> [The task]
Each line in the material below, starting at the one with "Wall Art Cognitive" and ending at the one with "Materials 12 01717 g008 550", is to be reproduced exactly; no picture is to be copied.

> [Input data]
┌────────

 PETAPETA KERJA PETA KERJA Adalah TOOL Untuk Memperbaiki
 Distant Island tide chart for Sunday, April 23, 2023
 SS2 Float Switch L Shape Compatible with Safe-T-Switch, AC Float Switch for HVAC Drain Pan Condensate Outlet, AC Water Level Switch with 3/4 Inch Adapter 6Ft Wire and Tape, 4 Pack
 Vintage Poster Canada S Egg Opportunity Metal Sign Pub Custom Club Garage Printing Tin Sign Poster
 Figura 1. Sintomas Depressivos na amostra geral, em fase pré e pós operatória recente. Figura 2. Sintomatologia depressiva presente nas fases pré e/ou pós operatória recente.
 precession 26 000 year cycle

└────────
┌────────

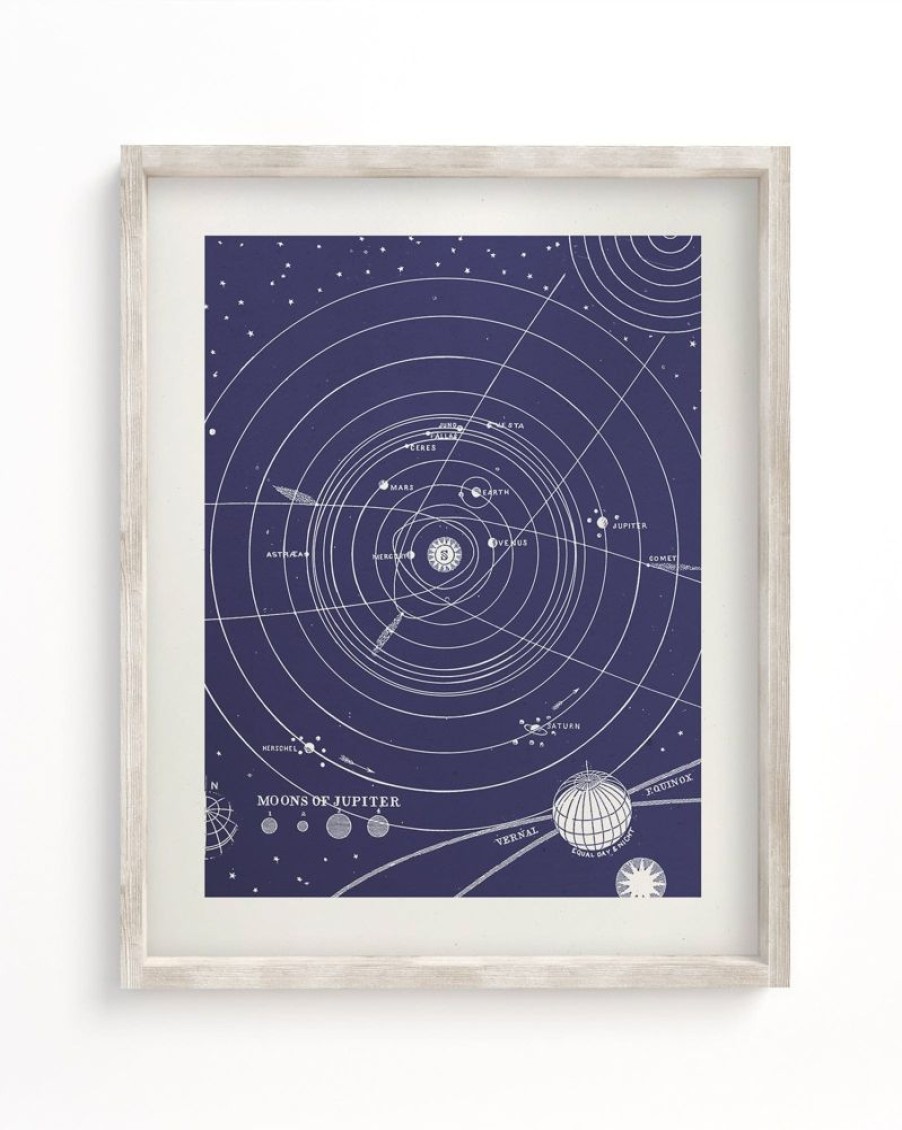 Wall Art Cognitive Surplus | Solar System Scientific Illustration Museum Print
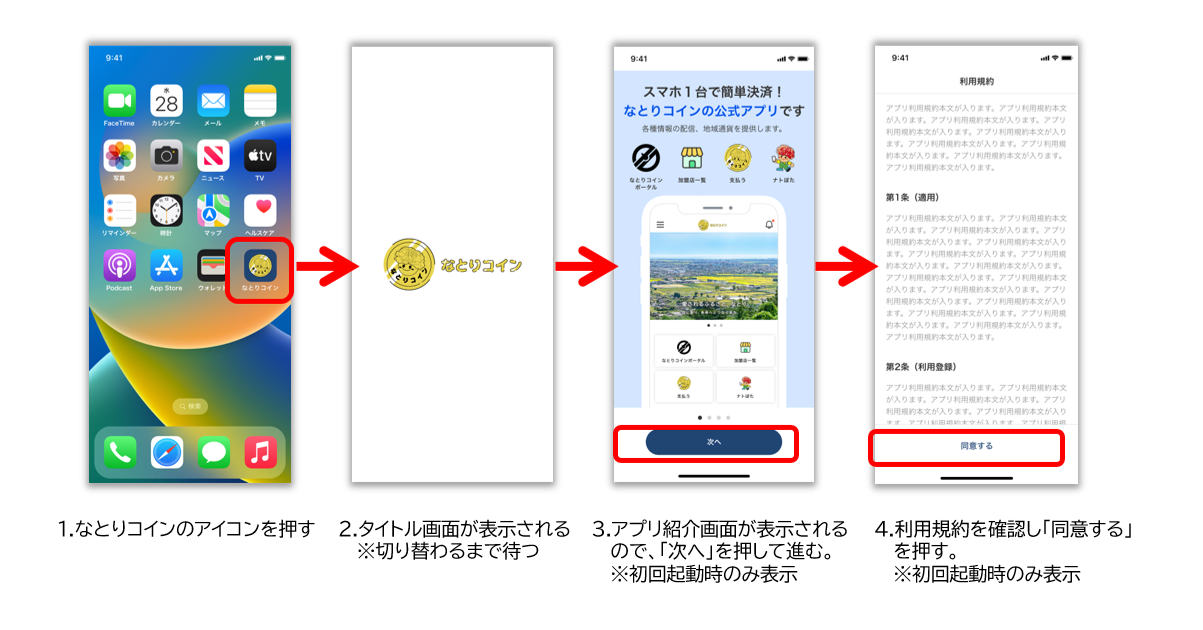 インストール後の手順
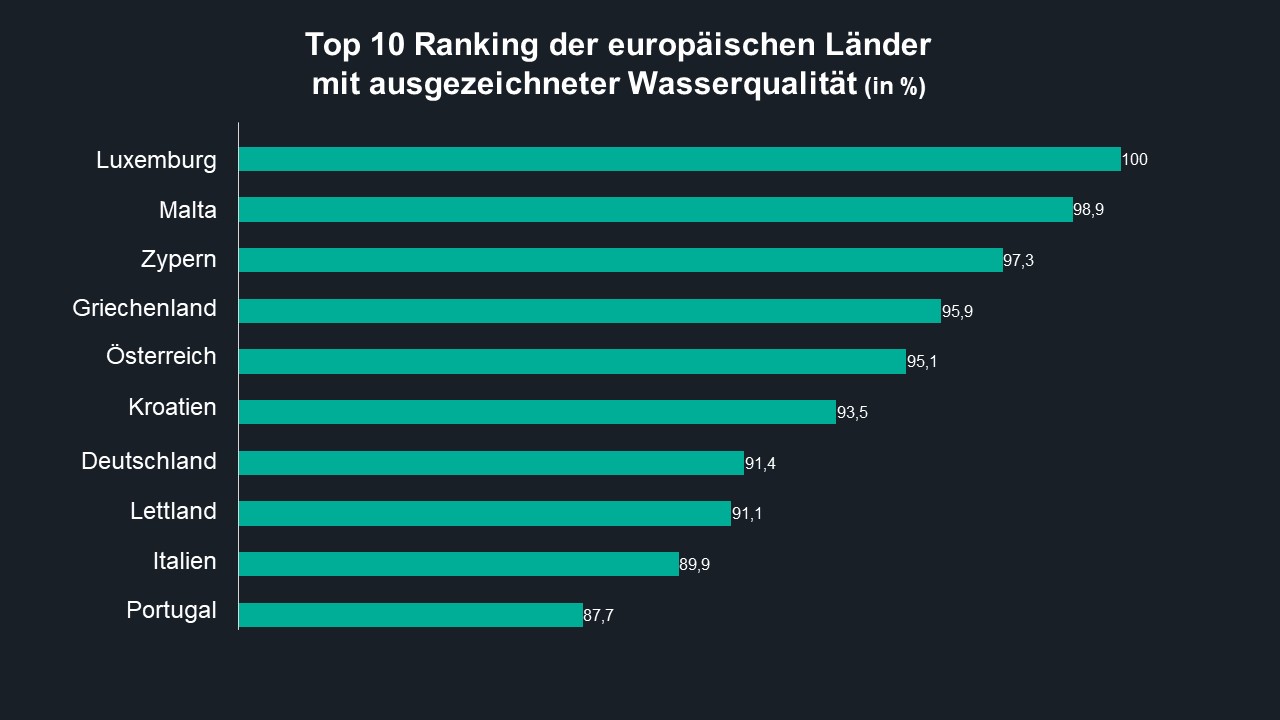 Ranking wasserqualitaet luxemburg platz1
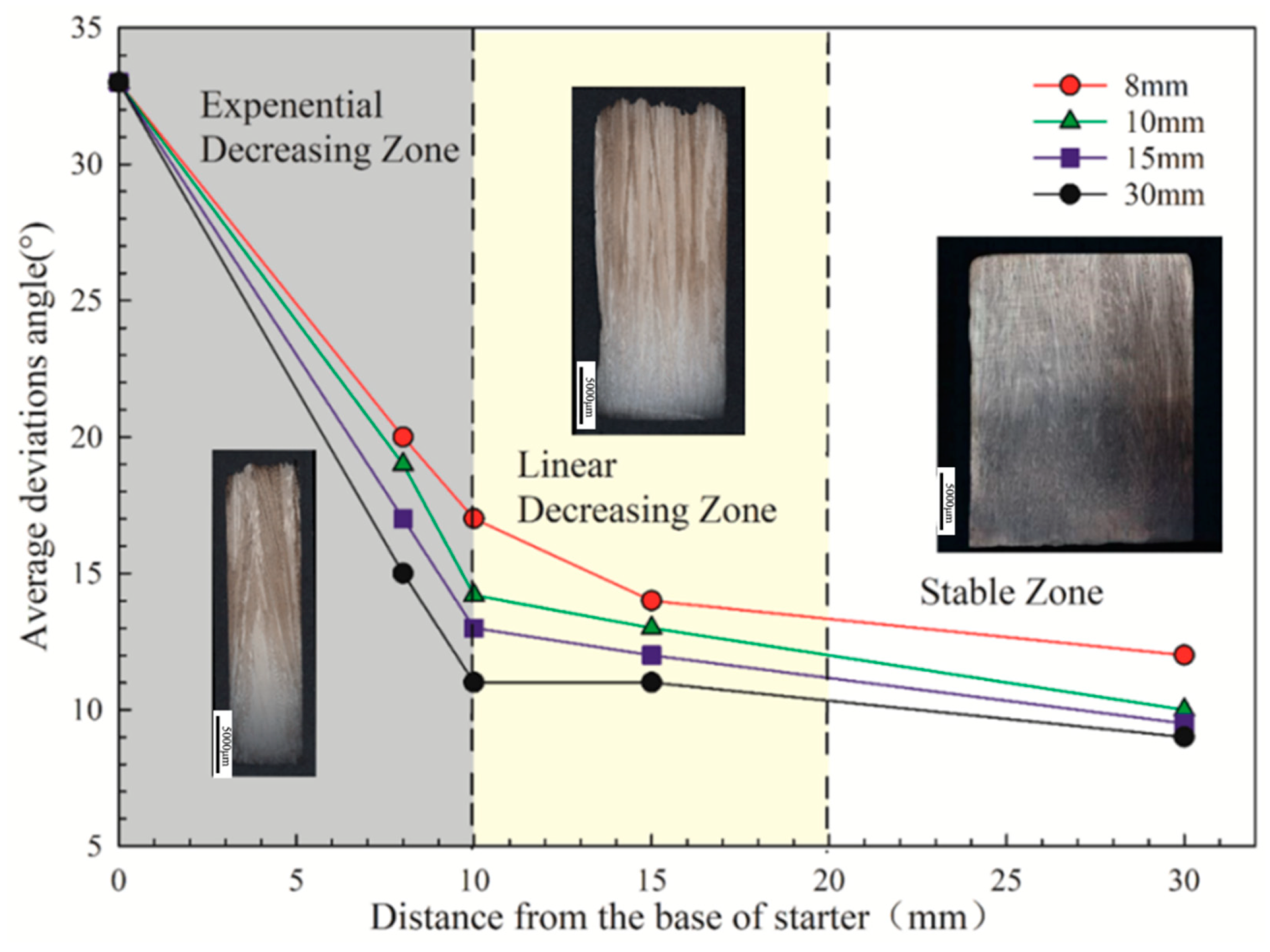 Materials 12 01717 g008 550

└────────

> [Written response]
 Wall Art Cognitive Surplus | Solar System Scientific Illustration Museum Print
 インストール後の手順
 Ranking wasserqualitaet luxemburg platz1
 Materials 12 01717 g008 550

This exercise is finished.